October is the finest month. I step out into it, straight into the sky. It opens and opens. It holds everything—my thinning crown, ten years of father gone, the horror of child death. Objects greet me from below—a hunched leaf like a toad, an old tennis ball turned peach, a strip of rubber snake. I hear the blue jays, screeches from early memories.

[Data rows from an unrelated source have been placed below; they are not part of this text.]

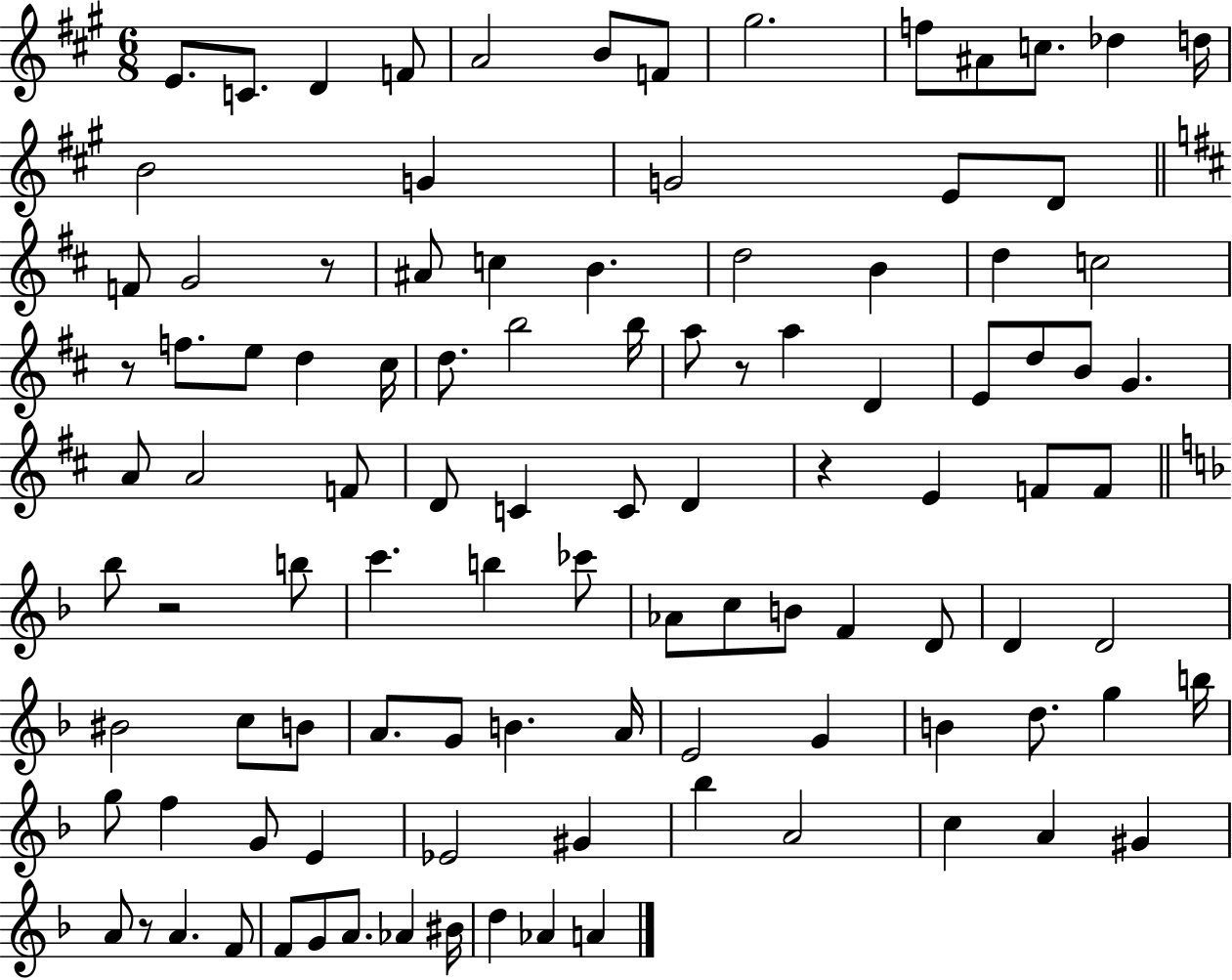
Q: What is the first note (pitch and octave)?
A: E4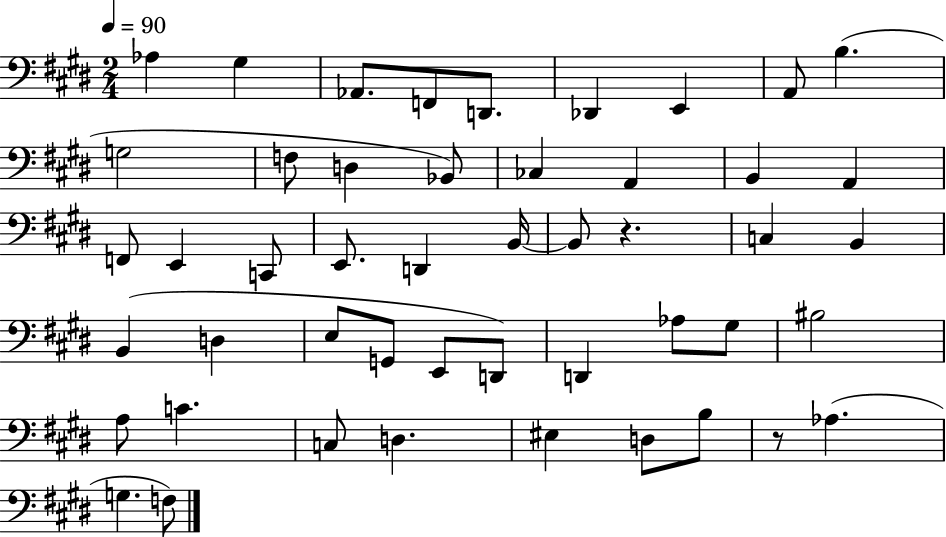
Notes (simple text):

Ab3/q G#3/q Ab2/e. F2/e D2/e. Db2/q E2/q A2/e B3/q. G3/h F3/e D3/q Bb2/e CES3/q A2/q B2/q A2/q F2/e E2/q C2/e E2/e. D2/q B2/s B2/e R/q. C3/q B2/q B2/q D3/q E3/e G2/e E2/e D2/e D2/q Ab3/e G#3/e BIS3/h A3/e C4/q. C3/e D3/q. EIS3/q D3/e B3/e R/e Ab3/q. G3/q. F3/e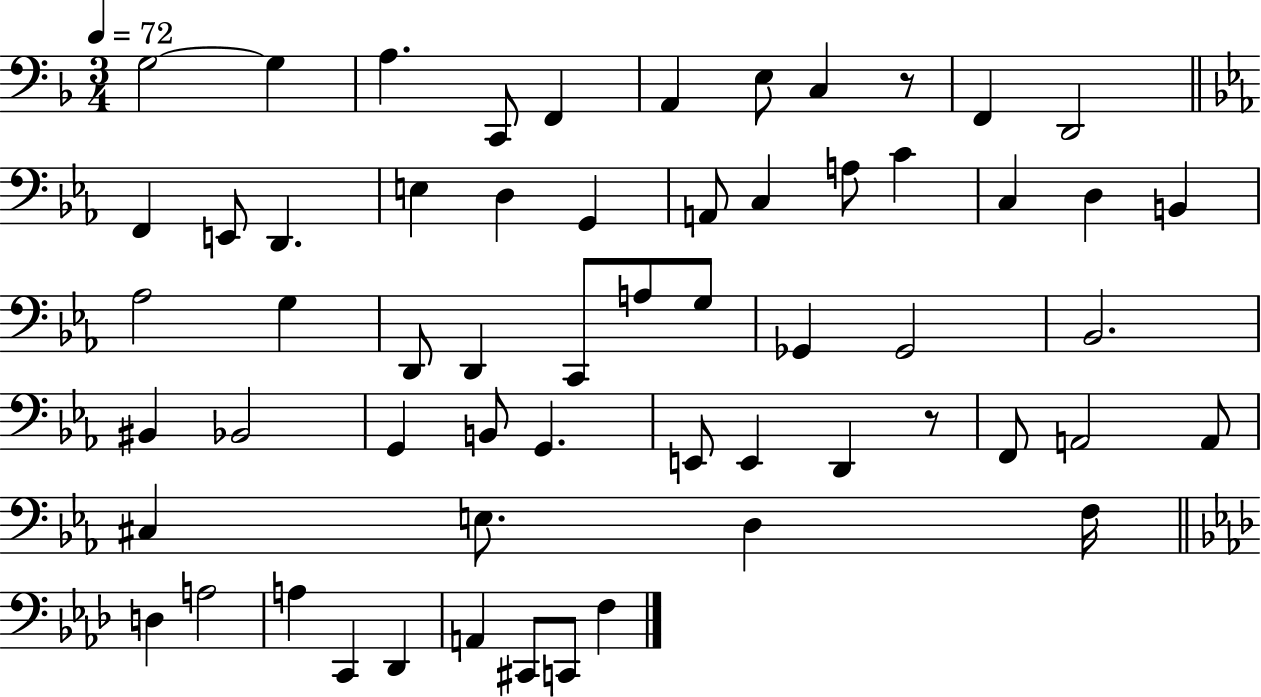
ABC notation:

X:1
T:Untitled
M:3/4
L:1/4
K:F
G,2 G, A, C,,/2 F,, A,, E,/2 C, z/2 F,, D,,2 F,, E,,/2 D,, E, D, G,, A,,/2 C, A,/2 C C, D, B,, _A,2 G, D,,/2 D,, C,,/2 A,/2 G,/2 _G,, _G,,2 _B,,2 ^B,, _B,,2 G,, B,,/2 G,, E,,/2 E,, D,, z/2 F,,/2 A,,2 A,,/2 ^C, E,/2 D, F,/4 D, A,2 A, C,, _D,, A,, ^C,,/2 C,,/2 F,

I walk among the houses propped up like giant gravestones. Most are gray or tan or neutral without a name. A few pop in bold shades of rebellion: Bellini Fizz, Melón Meloso, Avid Apricot. Some dance with the dead, strung with webs, orange lights, skeletons.
Dad asked to be cremated. Even in death, he was thrifty. We had to sign a paper stating that fragments of other people’s bones may reside in his urn.
The trees are the color of slate, the color of the clouds. One tree reaches out with lavender arms. When young, we’re taught to color trees brown, brown, brown. We don’t yet know the color families.
The years begin to swallow up the bones, starting at the jaw, moving to the collarbone, the hips. The fat fills in. I let my hair grow. The teeth have a mind of their own.
Each porch tells its story: Piles of packages by the steps. Interrupted chalk play. Lighthouse painted tiger painted vase. Mud-caked gardening boots at rest. Hollowed pumpkins wait for their end.